Available data
=-=-=

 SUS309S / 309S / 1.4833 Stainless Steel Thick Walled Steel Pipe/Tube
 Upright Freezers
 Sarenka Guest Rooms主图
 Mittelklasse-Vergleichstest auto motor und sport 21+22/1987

=-=-=

What you need to do
Everything from the line containing "Sarenka Guest Rooms主图" through the final line above must be copied exactly, with both ends kept.

Result of the task
 Sarenka Guest Rooms主图
 Mittelklasse-Vergleichstest auto motor und sport 21+22/1987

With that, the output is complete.